Interestingly, the processes that threw both men up as candidates in 2011 seem to have played out again this year, but in a reverse manner. In 2011, President Jonathan fought for a presidential election ticket from his party against formidable oppositions and still got through. Buhari on the other hand got the ticket of his then party, Congress for Progressive Change (CPC), on a platter, even as he ‘owned’ that party.
Today, conversely, Jonathan got the PDP ticket with little stress, even as the party blatantly refused to allow other interested party members a fair chance to give it a shot. The signpost of what a party’s internal democracy should be was on Wednesday and Thursday when the APC held what could be described as the best party primary in recent times. Interestingly, the main legacy parties that formed APC – namely the ANPP, CPC and the ACN, including its progenitor, Alliance for Democracy (AD) – had reputations for non-democratic decision-making. They were in the habit of pressuring aspirants to abandon their ambitions and allow the preferred candidate of the ruling class to prevail. All that became history last week. All the five aspirants in the APC stood election and wooed about 7,000 delegates with Buhari emerging the clear winner.
As both men go into the race, one hopes they would focus on the real issues besetting the country such as corruption, the collapsing economy, insurgency, poor state of roads and other infrastructure and provision of social services such as health and education. Just as the country begins to groan under the effect of austerity, we want to know how the aspirants plan to get us out of this economic mess through sound policies which must necessarily include cutting down frivolous costs associated with governance.
And while they consider the above, we should remind them to cut off the sophistry and tell us their real blueprints for addressing those issues. We should remind both men and their managers not to further divide the country into the fragments of ethno-religious identities. Those identities, after all, do not define honesty, integrity, competence and commitments. They only appeal to our base instincts which are not sustainable.

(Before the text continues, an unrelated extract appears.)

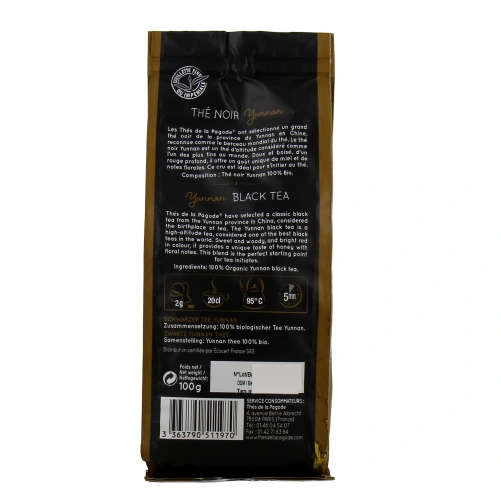 Thés de la Pagode Thé Noir Yunnan Bio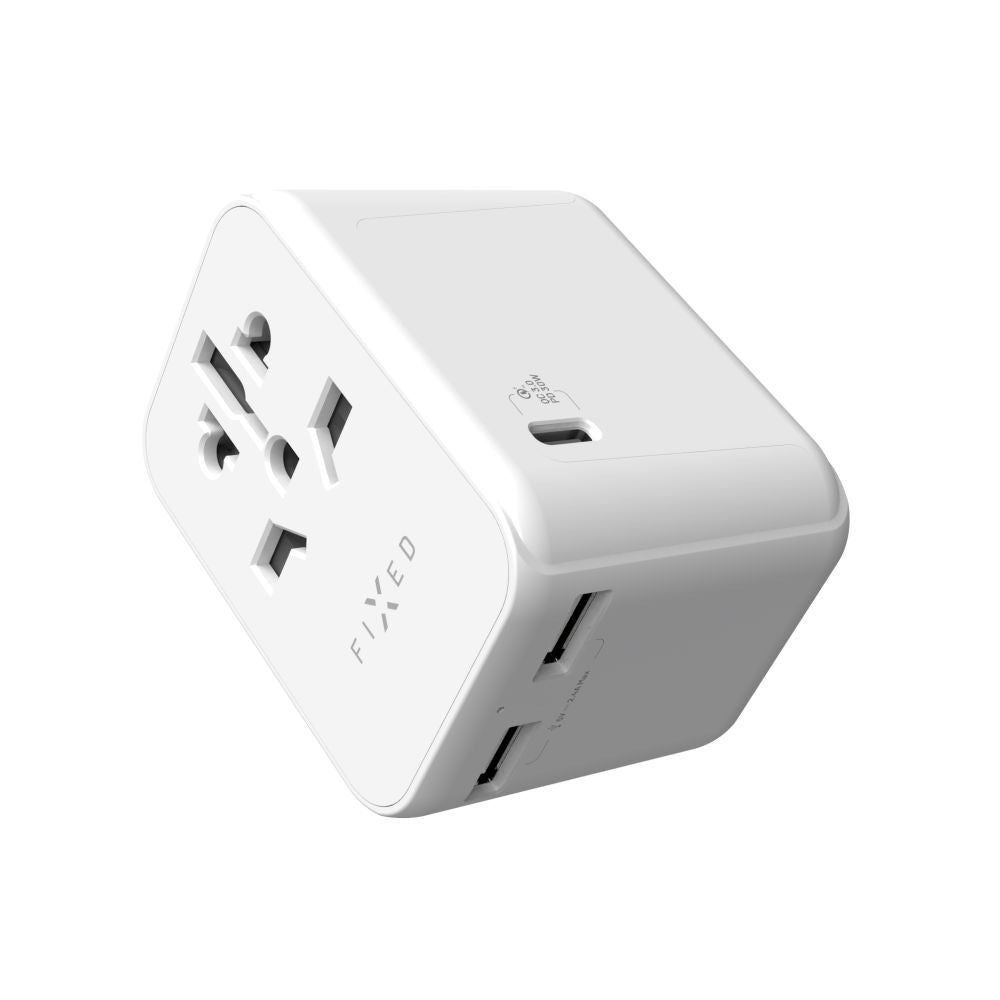 Fixed - Travel Adapter Voyager (FIXCT30-1C2A-WH) - EU, UK, USA/AUS, Type-C, 2x USB, GaN, PD 30W, 10A/2500W - White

As the Chinese saying goes, ‘it doesn’t matter if a cat is black or white, as long as it catches mice’.
It is time for GEJ and GMB to commit to issues-based campaign and rein in their supporters from doing anything that could lead to violence before, during and after the elections. And for the blind supporters out there who see the elections as ‘do-or-die’, we should also remind them that we have a country to protect and defend. After all, if we lose our country after the general elections, it would not matter who won the elections.